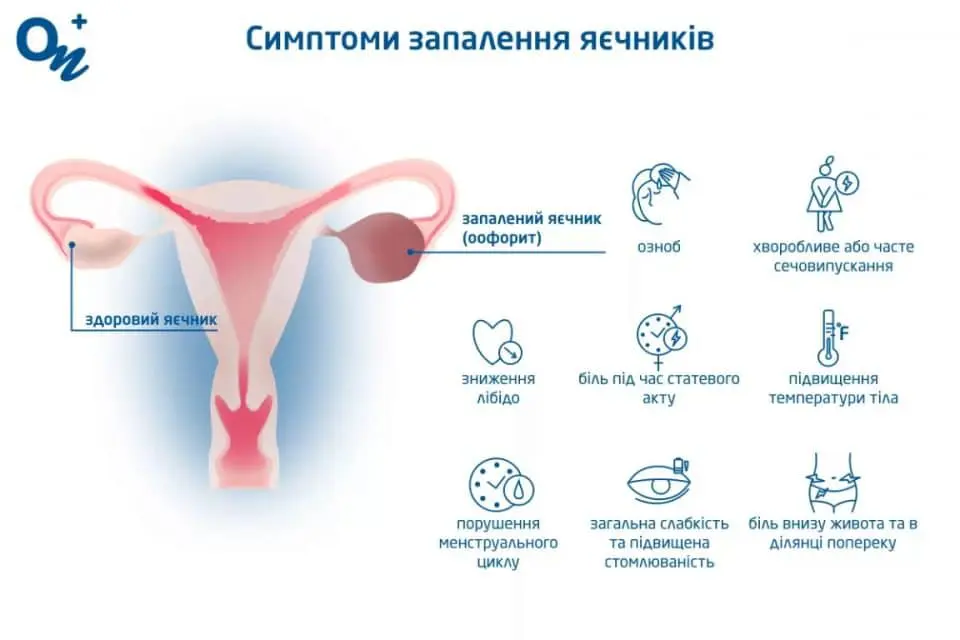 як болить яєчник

⁂

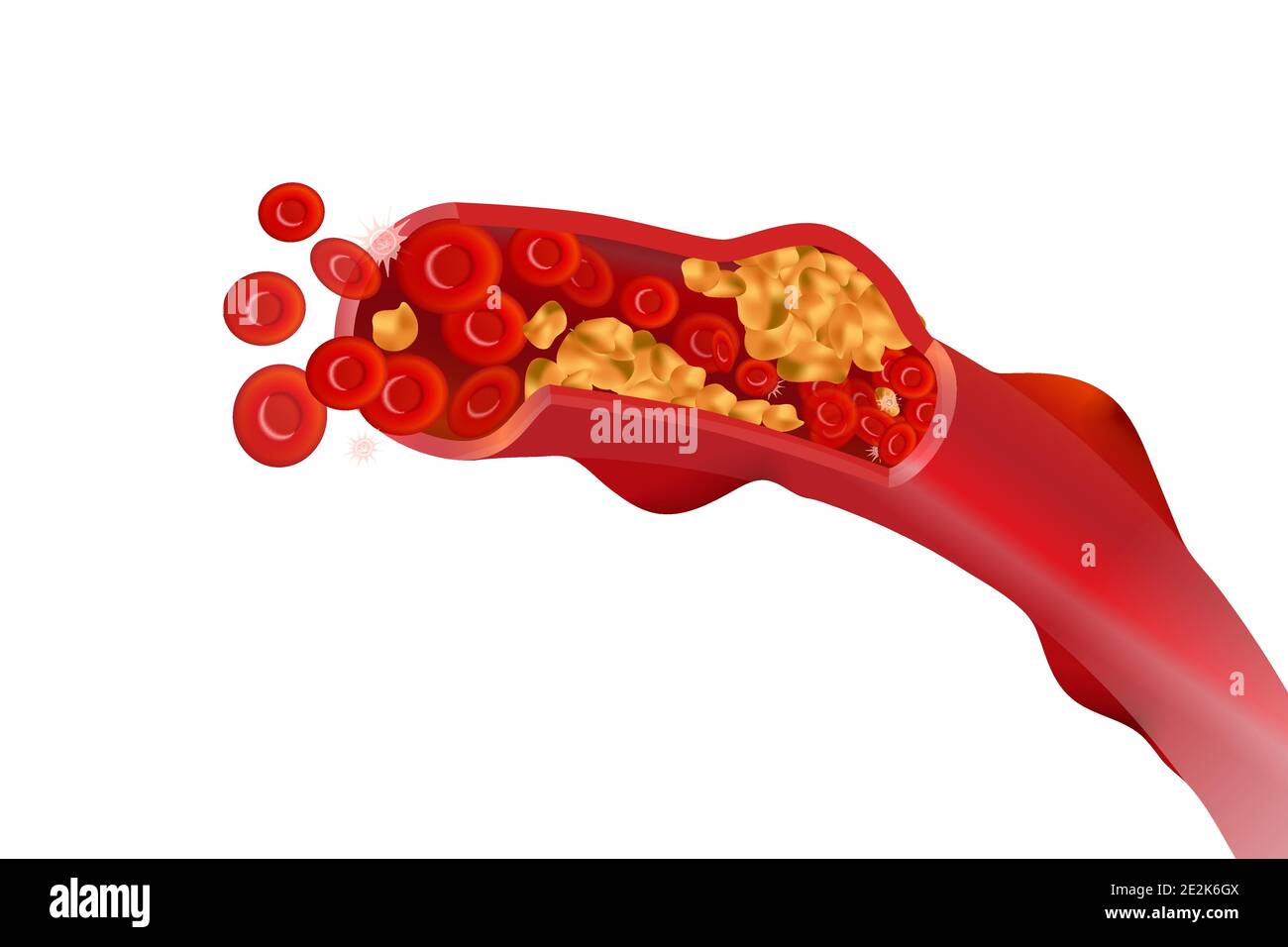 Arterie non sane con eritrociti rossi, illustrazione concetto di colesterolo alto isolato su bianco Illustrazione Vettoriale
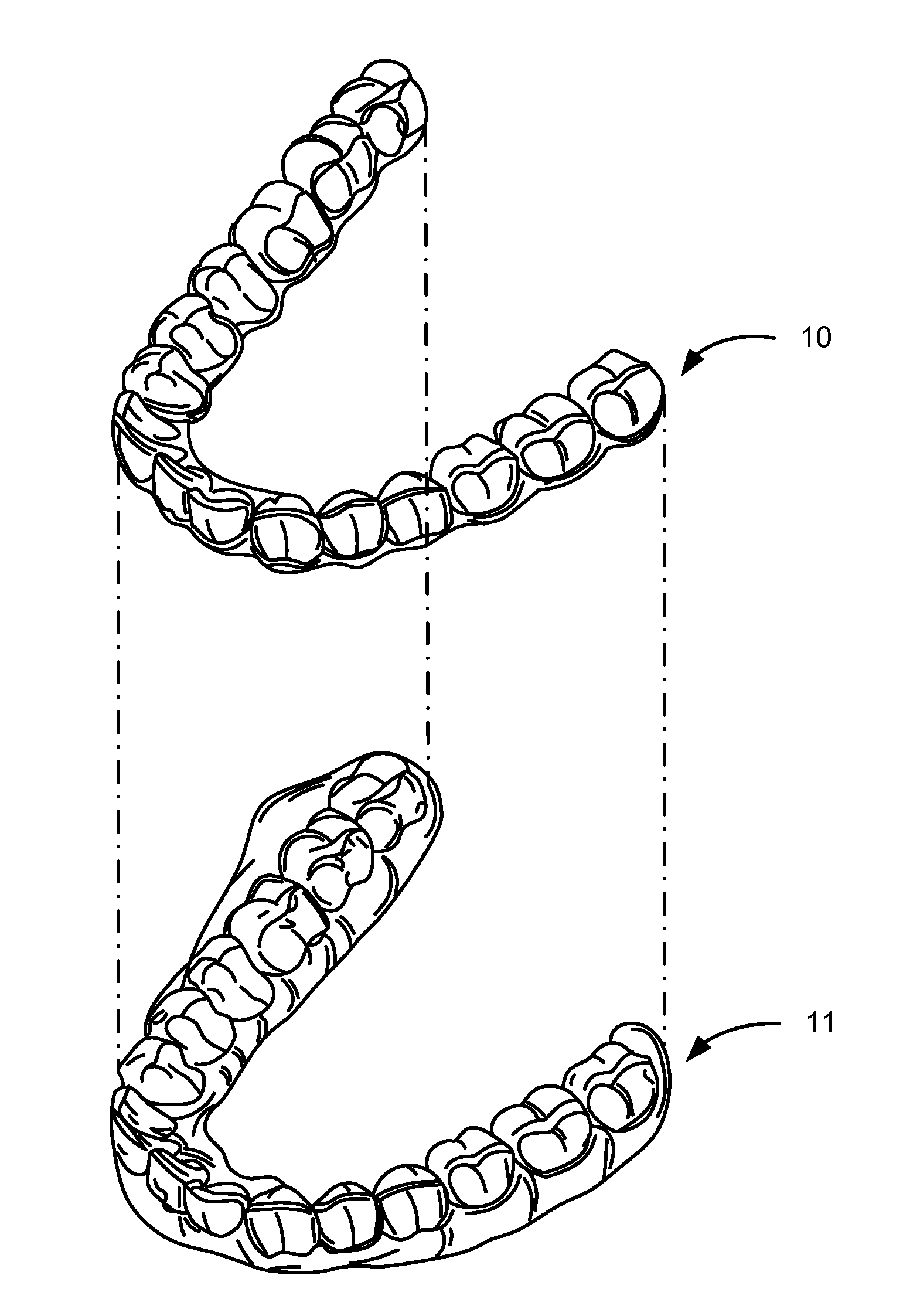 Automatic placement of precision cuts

⁂

__What you have to do__: In the listing above, find the line containing "Arterie non sane" and the line containing "Automatic placement of precision cuts", then output those two lines and everything between them exactly as written, without the images.

__Result__:
 Arterie non sane con eritrociti rossi, illustrazione concetto di colesterolo alto isolato su bianco Illustrazione Vettoriale
 Automatic placement of precision cuts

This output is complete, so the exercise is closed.